Work item: Every line of the material is to be quoted verbatim, minus the pictures.

Records for the exercise:
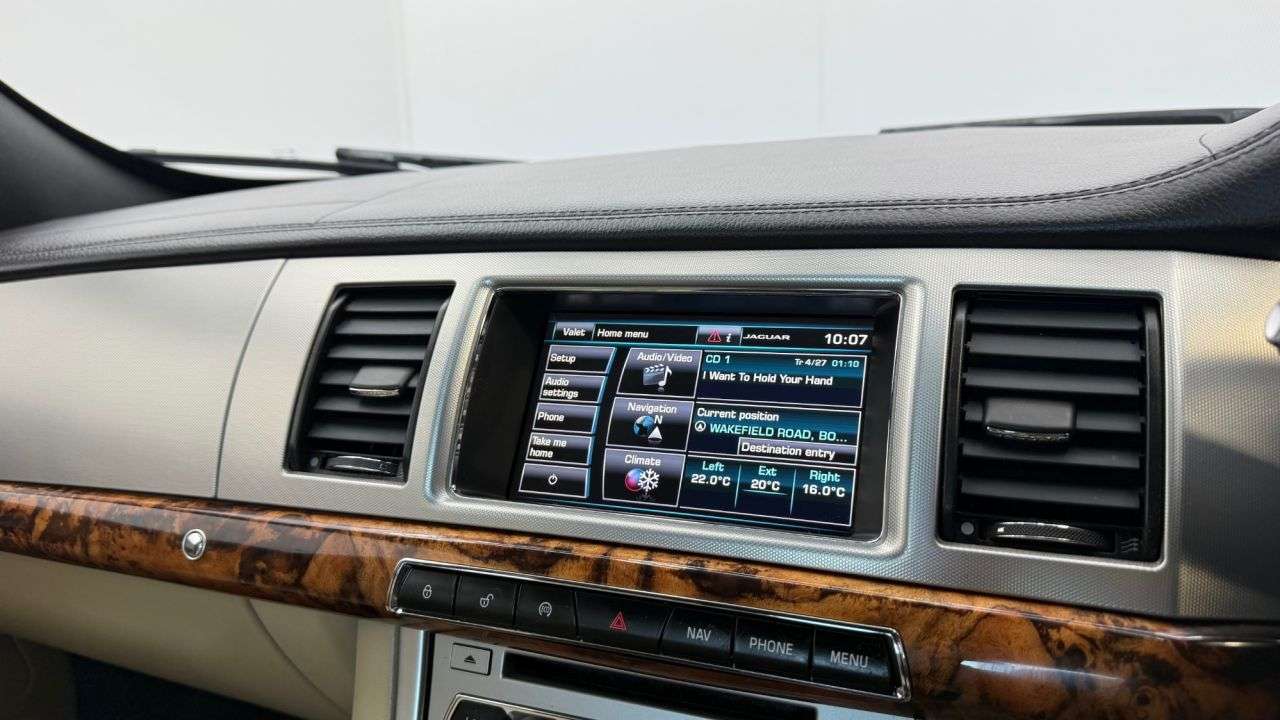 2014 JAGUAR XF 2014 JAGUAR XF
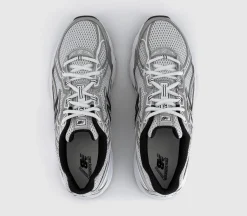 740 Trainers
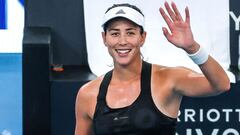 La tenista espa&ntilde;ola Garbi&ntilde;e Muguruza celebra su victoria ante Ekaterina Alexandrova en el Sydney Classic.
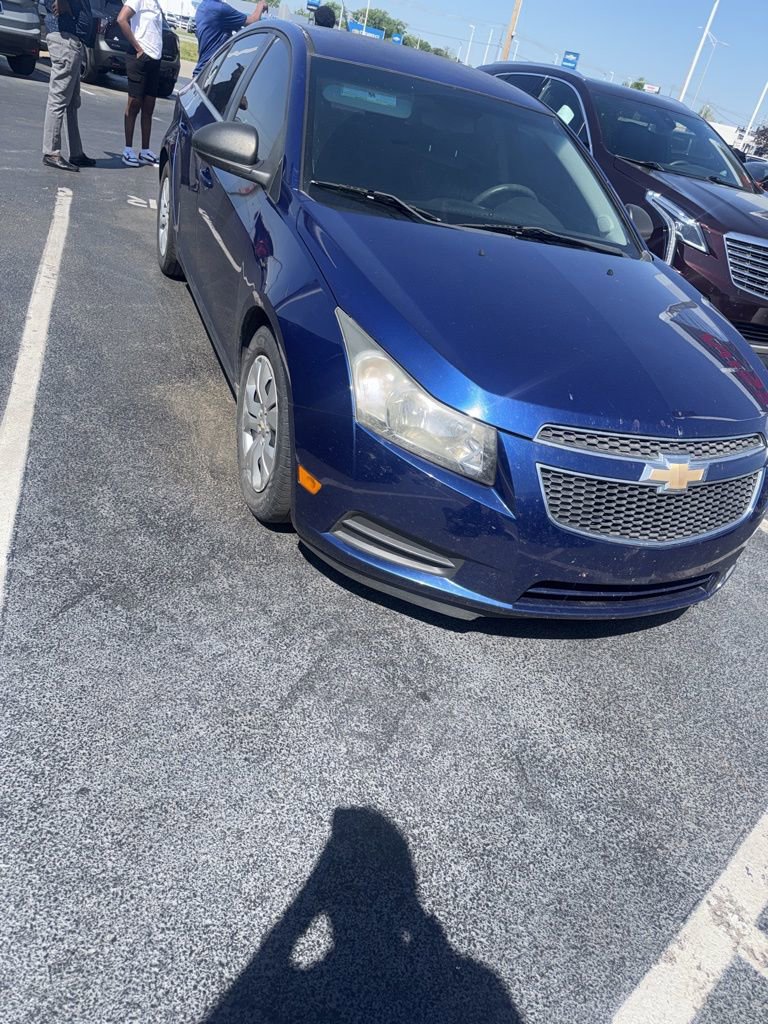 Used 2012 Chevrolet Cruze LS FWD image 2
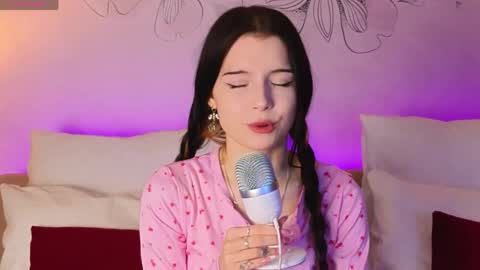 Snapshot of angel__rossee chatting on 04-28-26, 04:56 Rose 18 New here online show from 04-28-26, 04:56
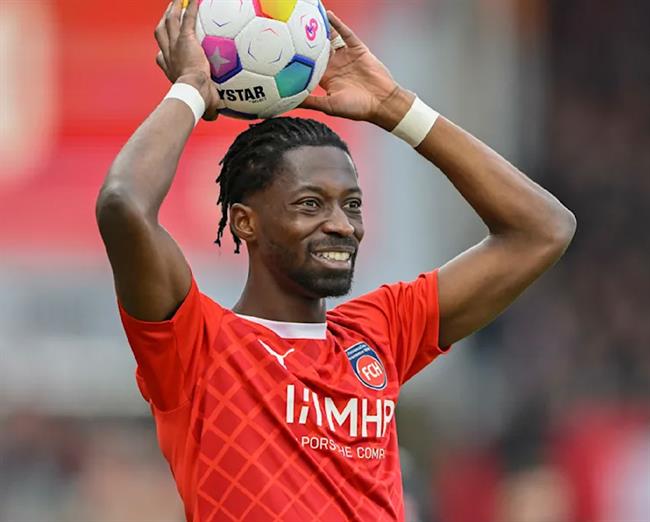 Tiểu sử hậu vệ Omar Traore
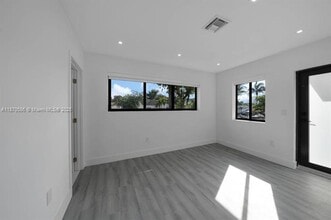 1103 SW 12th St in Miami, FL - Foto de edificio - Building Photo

Reply:
 2014 JAGUAR XF 2014 JAGUAR XF
 740 Trainers
 La tenista espa&ntilde;ola Garbi&ntilde;e Muguruza celebra su victoria ante Ekaterina Alexandrova en el Sydney Classic.
 Used 2012 Chevrolet Cruze LS FWD image 2
 Snapshot of angel__rossee chatting on 04-28-26, 04:56 Rose 18 New here online show from 04-28-26, 04:56
 Tiểu sử hậu vệ Omar Traore
 1103 SW 12th St in Miami, FL - Foto de edificio - Building Photo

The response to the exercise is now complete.